> _WORK TO COMPLETE_: Copy the listing exactly as given. Omit every picture.

> _INFORMATION GIVEN_:
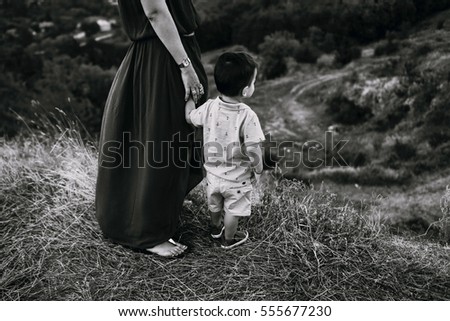 Image, Stock Photo scared boy hiding in his mom’s dress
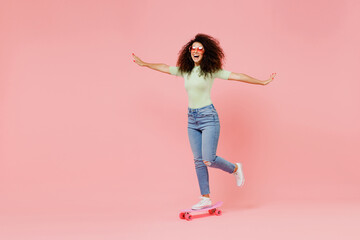 Full size body length happy fun excited bright young curly latin woman 20s wear casual clothes sunglasses skate on board spreading hands isolated on plain pastel light pink background studio portrait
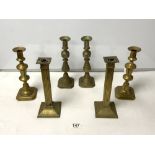 A PAIR OF BRASS SQUARE REEDED DESIGN CANDLESTICKS, 26 CMS, AND TWO PAIRS OF VICTORIAN BRASS BALUSTER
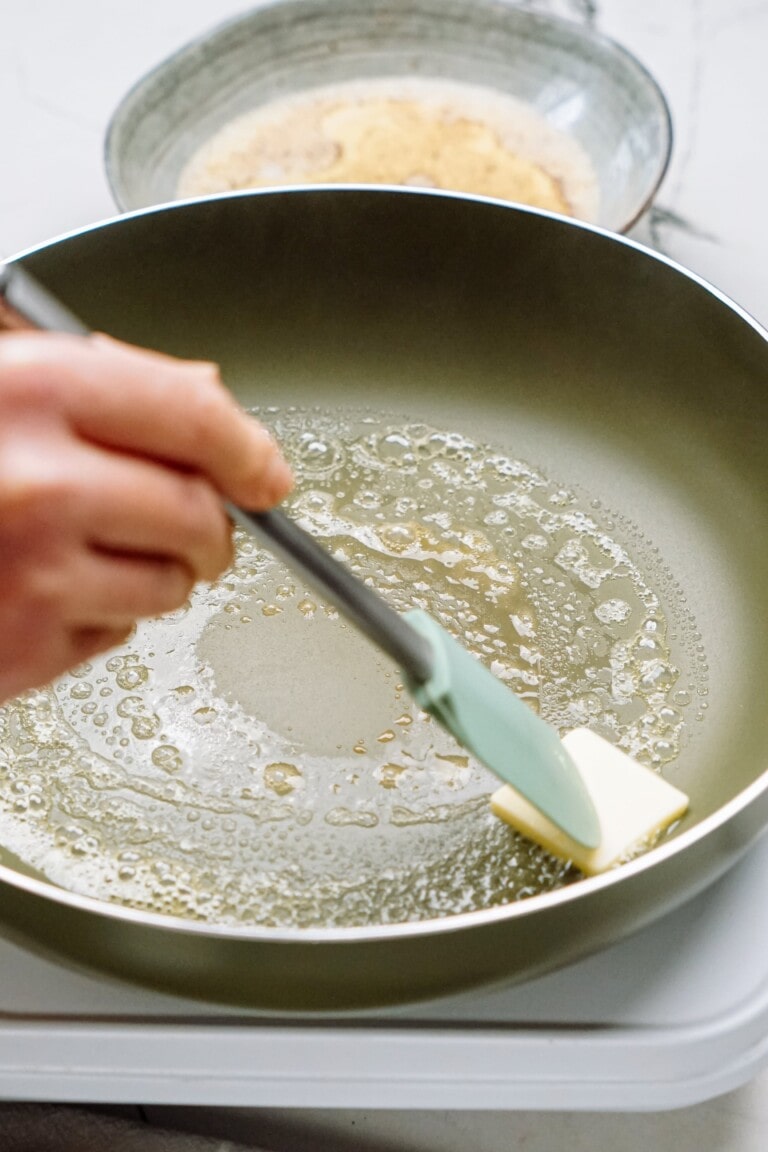 A person using a spatula to stir butter in a frying pan, preparing breakfast pigs in a blanket.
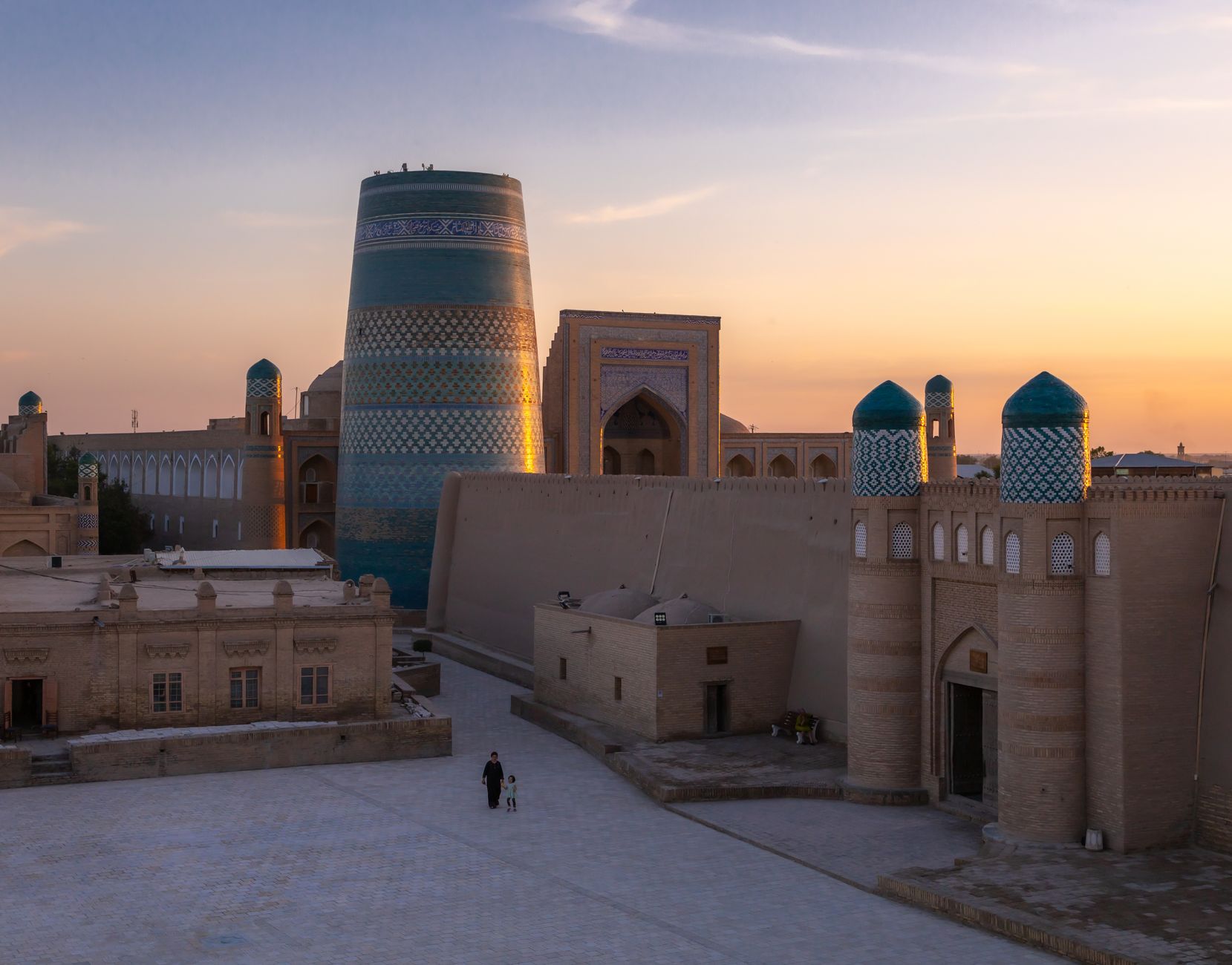 Khiva's historic Itchan Kala during sunset with the iconic Kalta Minor Minaret, Uzbekistan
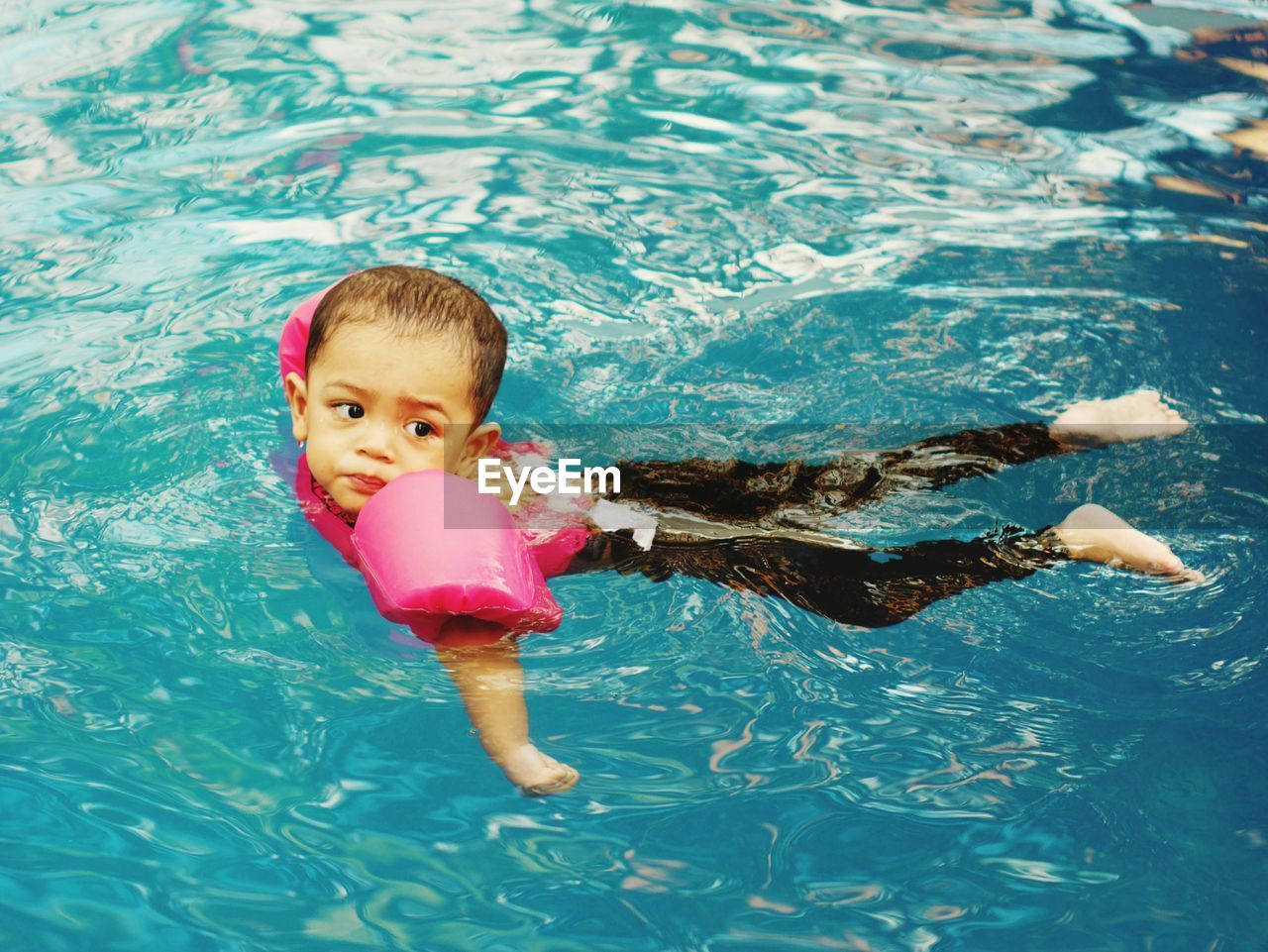 Boy looking away while swimming in pool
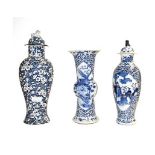 Two 19th century Chinese blue and white vases and a later decorative example (3). Vase one: Restored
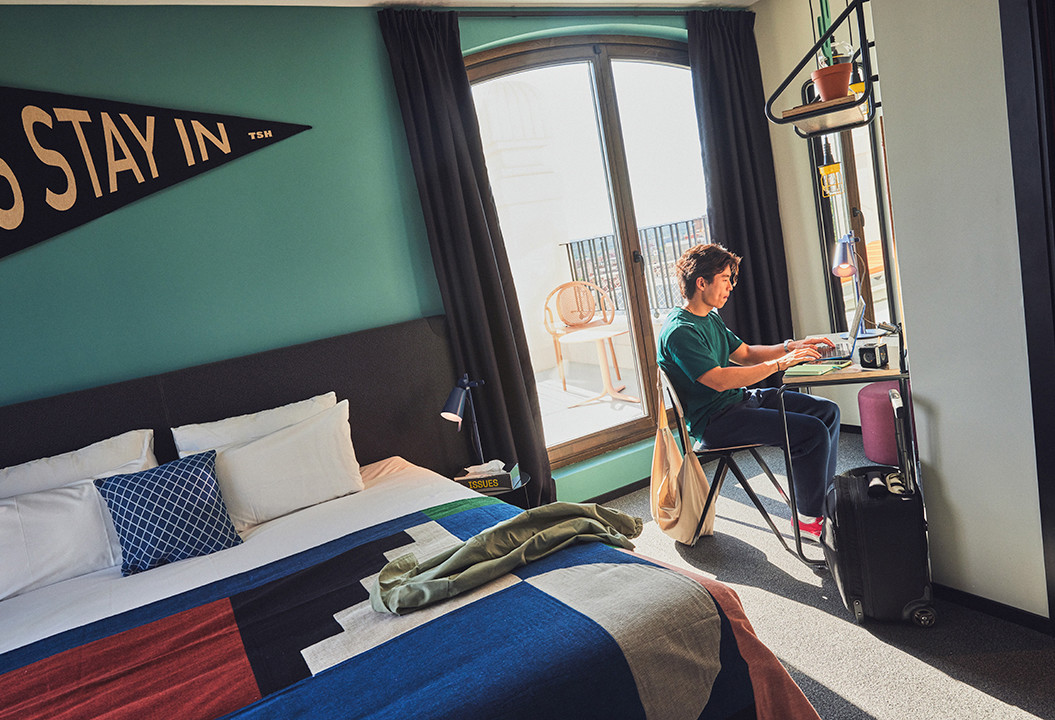 Guest working on the laptop in his room at The Social Hub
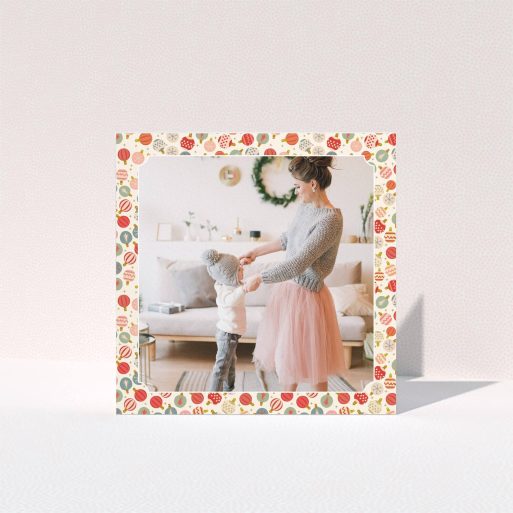 A personalised christmas card called "Bauble Photo". It is a square (148mm x 148mm) card in a square orientation. It is a photographic personalised christmas card with room for 1 photo. "Bauble Photo" is available as a folded card, with tones of pink, red and light blue.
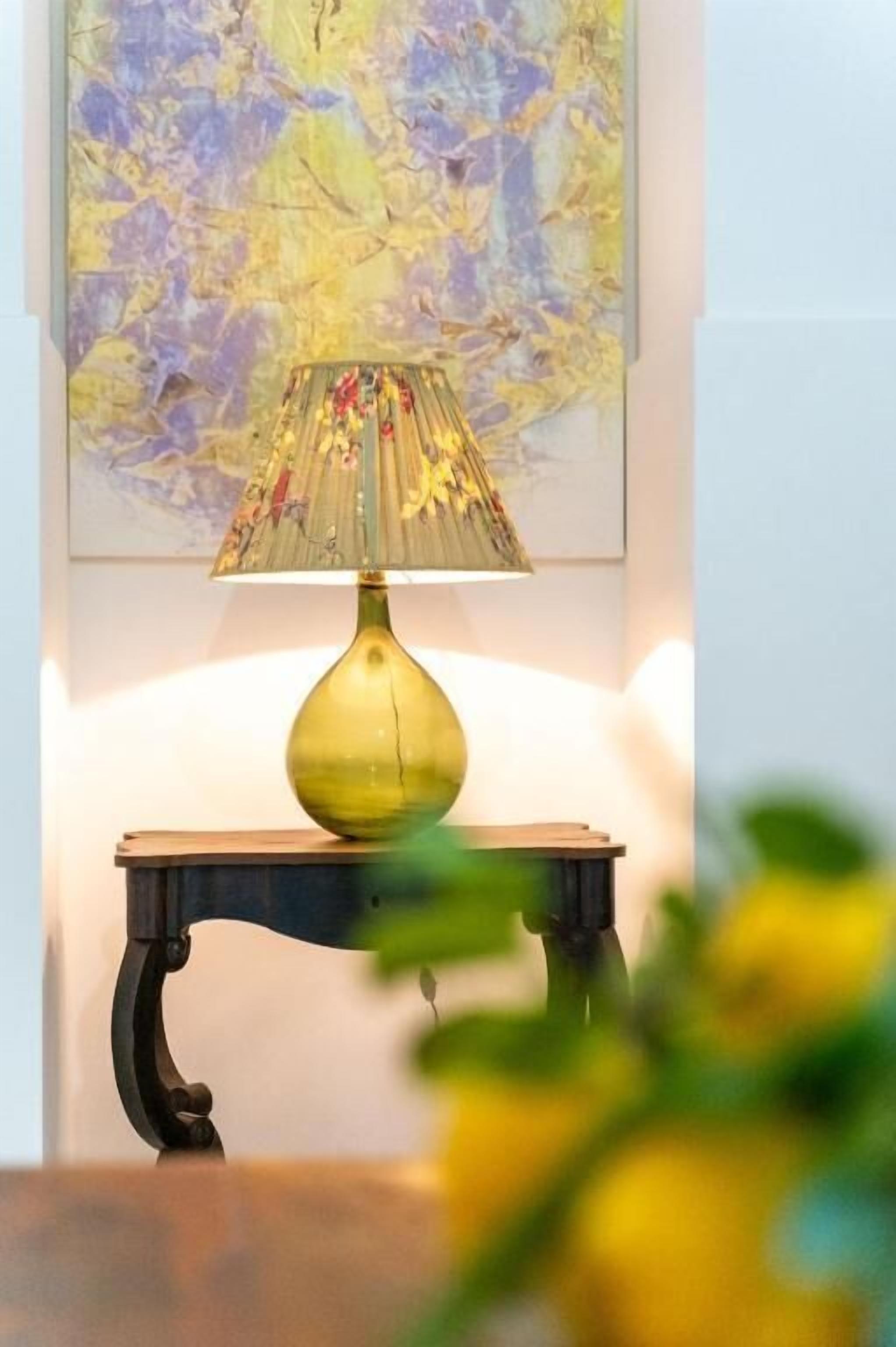 Una mesa con una lámpara, un cuadro en la pared y una planta desenfocada al frente.
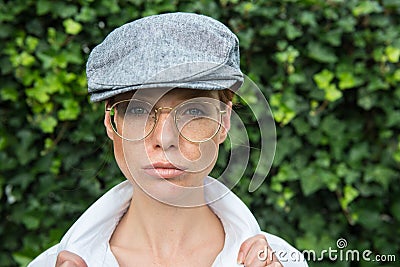 Nice woman dresses up as a man in the twenties years style Stock Photo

> _RESULT_:
 Image, Stock Photo scared boy hiding in his mom’s dress
 Full size body length happy fun excited bright young curly latin woman 20s wear casual clothes sunglasses skate on board spreading hands isolated on plain pastel light pink background studio portrait
 A PAIR OF BRASS SQUARE REEDED DESIGN CANDLESTICKS, 26 CMS, AND TWO PAIRS OF VICTORIAN BRASS BALUSTER
 A person using a spatula to stir butter in a frying pan, preparing breakfast pigs in a blanket.
 Khiva's historic Itchan Kala during sunset with the iconic Kalta Minor Minaret, Uzbekistan
 Boy looking away while swimming in pool
 Two 19th century Chinese blue and white vases and a later decorative example (3). Vase one: Restored
 Guest working on the laptop in his room at The Social Hub
 A personalised christmas card called "Bauble Photo". It is a square (148mm x 148mm) card in a square orientation. It is a photographic personalised christmas card with room for 1 photo. "Bauble Photo" is available as a folded card, with tones of pink, red and light blue.
 Una mesa con una lámpara, un cuadro en la pared y una planta desenfocada al frente.
 Nice woman dresses up as a man in the twenties years style Stock Photo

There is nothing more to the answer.